Exploitation of Multiple Replenishing Resources with Uncertainty

TL;DR

This paper studies an optimization problem where a bat maximizes nectar intake from multiple cacti under uncertainty and competition, providing strategies that approximate the optimal with small core sets of cacti.

Contribution

It introduces a purely-stochastic strategy framework and proves bounds on core size needed for near-optimal performance, highlighting the impact of competition intensity.

Findings

A small core of cacti suffices for near-optimal strategies.

The core size bound is asymptotically tight.

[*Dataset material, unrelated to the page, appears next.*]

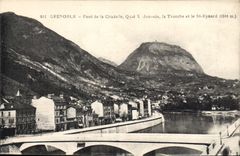 CPA Grenoble Pont de la Citadelle Quai X Jouvain la Tronche et le St Eynard 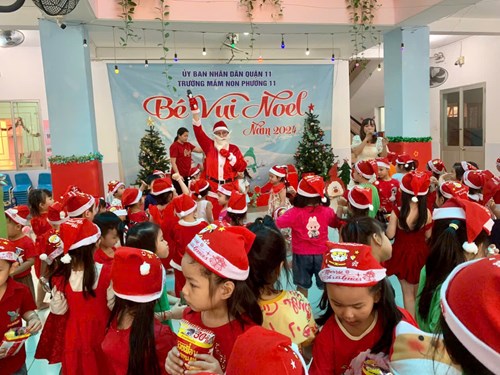Bé vui noel năm 2024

More intense competition allows smaller core strategies.

Abstract

We consider an optimization problem in which a (single) bat aims to exploit the nectar in a set of $n$ cacti with the objective of maximizing the expected total amount of nectar it drinks. Each cactus $i \in [n]$ is characterized by a parameter $r_{i} > 0$ that determines the rate in which nectar accumulates in $i$. In every round, the bat can visit one cactus and drink all the nectar accumulated there since its previous visit. Furthermore, competition with other bats, that may also visit some cacti and drink their nectar, is modeled by means of a stochastic process in which cactus $i$ is emptied in each round (independently) with probability $0 < s_i < 1$. Our attention is restricted to purely-stochastic strategies that are characterized by a probability vector $(p_1, \ldots, p_n)$ determining the probability $p_i$ that the bat visits cactus $i$ in each round. We prove that for every $\epsilon > 0$, there exists a purely-stochastic strategy that approximates the optimal purely-stochastic strategy to within a multiplicative factor of $1 + \epsilon$, while exploiting only a small core of cacti. Specifically, we show that it suffices to include at most $\frac{2 (1 - \sigma)}{\epsilon \cdot \sigma}$ cacti in the core, where $\sigma = \min_{i \in [n]} s_{i}$. We also show that this upper bound on core size is asymptotically optimal as a core of a significantly smaller size cannot provide a $(1 + \epsilon)$-approximation of the optimal purely-stochastic strategy. This means that when the competition is more intense (i.e., $\sigma$ is larger), a strategy based on exploiting smaller cores will be favorable.